The securities are being offered pursuant to an effective F-3 shelf registration statement that was previously filed with the Securities and Exchange Commission (“SEC”). A prospectus supplement will be filed with the SEC and will be available on the SEC’s website at www.sec.gov. The offering will be made only by means of a written prospectus and prospectus supplement that form a part of the registration statement. Copies of the prospectus supplement and the accompanying prospectus relating to the offering may be obtained, when available, for free from Leerink Partners LLC, Attention: Syndicate Department, 53 State Street, 40th Floor, Boston, Massachusetts 02109, by telephone at (800) 808-7525, ext. 6105, or by email at syndicate@leerink.com or from TD Securities (USA) LLC, 1 Vanderbilt Avenue New York, New York 10017, by telephone at (855) 495-9846 or by email at TD.ECM_Prospectus@tdsecurities.com.

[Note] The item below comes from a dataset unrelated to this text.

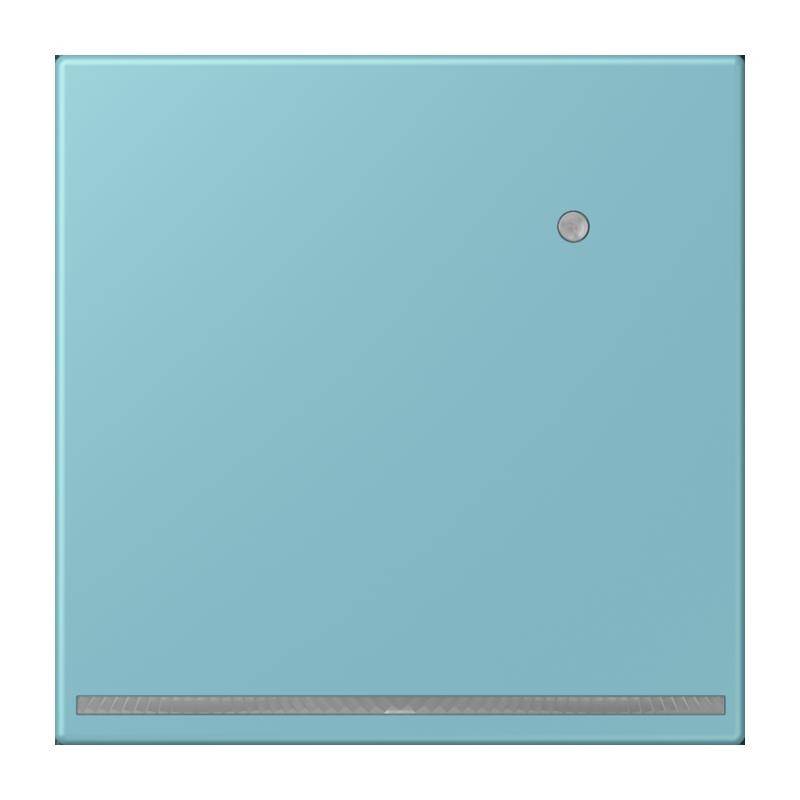 Ein hellblau farbiges quadratisches Panel mit einem kleinen runden Knopf nahe der oberen rechten Ecke und einem schmalen Lüftungsschlitz am unteren Rand.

The SIX Swiss Exchange (“SIX”) has pre-approved, subject to certain customary conditions, the listing of the new ordinary shares underlying the ADSs on October 17, 2024. In connection with the listing of the new ordinary shares underlying the ADSs on the SIX, the registration statement on Form F-3, filed by the Company with the SEC together with the prospectus supplement constitute a foreign prospectus within the meaning of article 54 paras. 2 and 3 of the Swiss Financial Services Act of June 15, 2018 (“FinSA”) and article 70 paras. 2-4 of the Swiss Financial Services Ordinance of November 6, 2019 (“FinSO”). The registration statement on Form F-3 has been deposited with and approved by the Prospectus Office of SIX Exchange Regulation and has been included as a foreign prospectus in the prospectus list published by the Prospectus Office of SIX Exchange Regulation. The prospectus supplement will be filed with the Prospectus Office.